::: EXTRACTED RECORDS
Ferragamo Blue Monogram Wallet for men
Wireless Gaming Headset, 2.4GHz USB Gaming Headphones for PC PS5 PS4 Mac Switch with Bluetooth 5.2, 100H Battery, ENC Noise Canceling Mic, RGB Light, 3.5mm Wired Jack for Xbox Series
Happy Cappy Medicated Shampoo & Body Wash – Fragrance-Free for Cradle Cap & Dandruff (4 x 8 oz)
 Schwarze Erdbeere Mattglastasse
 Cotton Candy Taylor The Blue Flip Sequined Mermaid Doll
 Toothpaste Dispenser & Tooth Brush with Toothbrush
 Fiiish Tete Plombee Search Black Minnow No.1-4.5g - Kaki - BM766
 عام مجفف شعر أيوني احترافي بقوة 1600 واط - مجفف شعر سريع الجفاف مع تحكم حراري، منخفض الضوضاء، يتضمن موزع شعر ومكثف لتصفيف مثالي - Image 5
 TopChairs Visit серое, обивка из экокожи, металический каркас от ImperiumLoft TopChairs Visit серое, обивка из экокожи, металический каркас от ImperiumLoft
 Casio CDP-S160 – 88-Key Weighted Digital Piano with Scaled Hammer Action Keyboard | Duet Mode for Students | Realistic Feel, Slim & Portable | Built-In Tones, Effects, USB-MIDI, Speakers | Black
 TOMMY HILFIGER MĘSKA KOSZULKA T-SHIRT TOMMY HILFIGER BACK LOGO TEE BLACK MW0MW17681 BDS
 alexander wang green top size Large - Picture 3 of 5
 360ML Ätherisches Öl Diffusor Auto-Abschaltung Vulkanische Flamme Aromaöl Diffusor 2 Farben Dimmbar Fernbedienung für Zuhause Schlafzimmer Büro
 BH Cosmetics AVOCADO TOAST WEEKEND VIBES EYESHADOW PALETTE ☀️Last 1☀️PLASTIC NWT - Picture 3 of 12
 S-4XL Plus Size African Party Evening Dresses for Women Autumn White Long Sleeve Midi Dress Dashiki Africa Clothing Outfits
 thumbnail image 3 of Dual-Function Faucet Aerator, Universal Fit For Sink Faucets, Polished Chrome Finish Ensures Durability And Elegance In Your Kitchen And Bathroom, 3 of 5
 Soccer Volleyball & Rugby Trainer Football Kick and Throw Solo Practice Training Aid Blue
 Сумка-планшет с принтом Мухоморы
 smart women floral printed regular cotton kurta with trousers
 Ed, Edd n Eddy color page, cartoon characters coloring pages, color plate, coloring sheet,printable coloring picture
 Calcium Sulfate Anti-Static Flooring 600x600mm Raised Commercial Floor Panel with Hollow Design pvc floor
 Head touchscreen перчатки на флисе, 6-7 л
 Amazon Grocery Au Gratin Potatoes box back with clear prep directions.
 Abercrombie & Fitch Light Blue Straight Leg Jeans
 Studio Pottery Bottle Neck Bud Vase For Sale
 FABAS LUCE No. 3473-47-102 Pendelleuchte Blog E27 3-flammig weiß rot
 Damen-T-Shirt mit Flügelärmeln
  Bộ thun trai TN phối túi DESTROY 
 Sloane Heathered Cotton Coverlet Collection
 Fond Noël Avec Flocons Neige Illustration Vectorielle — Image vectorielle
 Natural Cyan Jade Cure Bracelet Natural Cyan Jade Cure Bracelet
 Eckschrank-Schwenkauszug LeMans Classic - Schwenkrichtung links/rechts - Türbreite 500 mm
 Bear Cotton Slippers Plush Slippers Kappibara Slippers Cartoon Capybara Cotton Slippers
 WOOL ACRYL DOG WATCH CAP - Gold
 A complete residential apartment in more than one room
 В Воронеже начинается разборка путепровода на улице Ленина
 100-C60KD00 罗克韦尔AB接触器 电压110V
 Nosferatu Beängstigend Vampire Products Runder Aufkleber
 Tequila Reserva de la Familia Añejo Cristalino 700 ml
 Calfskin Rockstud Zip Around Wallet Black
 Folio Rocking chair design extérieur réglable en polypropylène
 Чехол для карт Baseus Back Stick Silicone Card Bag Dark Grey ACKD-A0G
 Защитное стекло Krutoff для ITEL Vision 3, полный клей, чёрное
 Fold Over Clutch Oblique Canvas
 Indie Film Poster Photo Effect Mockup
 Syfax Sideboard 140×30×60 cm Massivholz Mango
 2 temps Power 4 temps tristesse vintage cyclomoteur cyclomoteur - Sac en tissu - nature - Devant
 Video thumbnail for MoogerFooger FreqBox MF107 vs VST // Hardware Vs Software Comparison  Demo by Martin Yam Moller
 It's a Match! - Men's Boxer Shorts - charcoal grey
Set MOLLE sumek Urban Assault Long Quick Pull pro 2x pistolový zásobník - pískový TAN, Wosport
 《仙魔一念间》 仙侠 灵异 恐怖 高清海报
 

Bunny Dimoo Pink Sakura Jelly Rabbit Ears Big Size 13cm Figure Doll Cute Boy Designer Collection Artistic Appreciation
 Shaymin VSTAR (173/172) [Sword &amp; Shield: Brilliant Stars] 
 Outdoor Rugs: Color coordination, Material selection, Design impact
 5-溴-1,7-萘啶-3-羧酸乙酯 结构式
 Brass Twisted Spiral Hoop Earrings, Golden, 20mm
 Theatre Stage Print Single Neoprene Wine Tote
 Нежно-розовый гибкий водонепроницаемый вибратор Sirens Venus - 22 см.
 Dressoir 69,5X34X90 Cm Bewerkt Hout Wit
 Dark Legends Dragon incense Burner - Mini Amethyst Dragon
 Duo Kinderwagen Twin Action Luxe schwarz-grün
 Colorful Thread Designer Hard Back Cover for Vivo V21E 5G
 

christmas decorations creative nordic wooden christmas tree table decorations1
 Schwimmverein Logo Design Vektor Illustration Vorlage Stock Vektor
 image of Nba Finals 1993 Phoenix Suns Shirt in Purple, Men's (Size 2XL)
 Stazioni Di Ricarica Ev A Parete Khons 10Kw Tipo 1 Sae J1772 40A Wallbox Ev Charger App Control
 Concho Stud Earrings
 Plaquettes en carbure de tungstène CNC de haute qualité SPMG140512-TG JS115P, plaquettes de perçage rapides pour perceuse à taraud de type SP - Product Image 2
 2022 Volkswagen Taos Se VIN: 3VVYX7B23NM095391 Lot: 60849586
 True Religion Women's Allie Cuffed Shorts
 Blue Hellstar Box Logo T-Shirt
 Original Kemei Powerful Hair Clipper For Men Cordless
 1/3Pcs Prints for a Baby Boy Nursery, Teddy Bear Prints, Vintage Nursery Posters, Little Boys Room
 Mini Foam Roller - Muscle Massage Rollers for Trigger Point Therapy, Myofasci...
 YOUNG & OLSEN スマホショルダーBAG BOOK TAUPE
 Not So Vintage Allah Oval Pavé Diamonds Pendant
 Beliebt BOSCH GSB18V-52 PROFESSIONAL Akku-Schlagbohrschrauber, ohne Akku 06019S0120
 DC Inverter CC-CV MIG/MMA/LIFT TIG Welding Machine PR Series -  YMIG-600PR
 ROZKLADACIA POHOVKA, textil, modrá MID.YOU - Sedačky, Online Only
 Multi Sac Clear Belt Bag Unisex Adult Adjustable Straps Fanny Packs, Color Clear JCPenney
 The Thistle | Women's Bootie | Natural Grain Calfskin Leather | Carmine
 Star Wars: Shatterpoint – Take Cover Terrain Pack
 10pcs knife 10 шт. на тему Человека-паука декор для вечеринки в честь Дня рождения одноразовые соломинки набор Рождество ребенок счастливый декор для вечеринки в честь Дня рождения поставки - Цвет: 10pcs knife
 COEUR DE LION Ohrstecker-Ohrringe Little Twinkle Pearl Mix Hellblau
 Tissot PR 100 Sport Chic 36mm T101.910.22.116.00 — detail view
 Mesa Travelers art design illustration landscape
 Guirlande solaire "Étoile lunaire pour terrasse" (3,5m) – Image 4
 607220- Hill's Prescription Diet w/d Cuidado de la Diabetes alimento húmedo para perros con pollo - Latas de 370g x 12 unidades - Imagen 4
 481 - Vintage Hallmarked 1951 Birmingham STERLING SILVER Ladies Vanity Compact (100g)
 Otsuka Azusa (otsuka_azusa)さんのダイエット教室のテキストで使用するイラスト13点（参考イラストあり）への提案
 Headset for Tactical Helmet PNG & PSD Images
::::::
There is a run of lines above from the one with "TOMMY HILFIGER MĘSKA" to the one with "S-4XL Plus Size"; print exactly that run, both ends included, and nothing else.

 TOMMY HILFIGER MĘSKA KOSZULKA T-SHIRT TOMMY HILFIGER BACK LOGO TEE BLACK MW0MW17681 BDS
 alexander wang green top size Large - Picture 3 of 5
 360ML Ätherisches Öl Diffusor Auto-Abschaltung Vulkanische Flamme Aromaöl Diffusor 2 Farben Dimmbar Fernbedienung für Zuhause Schlafzimmer Büro
 BH Cosmetics AVOCADO TOAST WEEKEND VIBES EYESHADOW PALETTE ☀️Last 1☀️PLASTIC NWT - Picture 3 of 12
 S-4XL Plus Size African Party Evening Dresses for Women Autumn White Long Sleeve Midi Dress Dashiki Africa Clothing Outfits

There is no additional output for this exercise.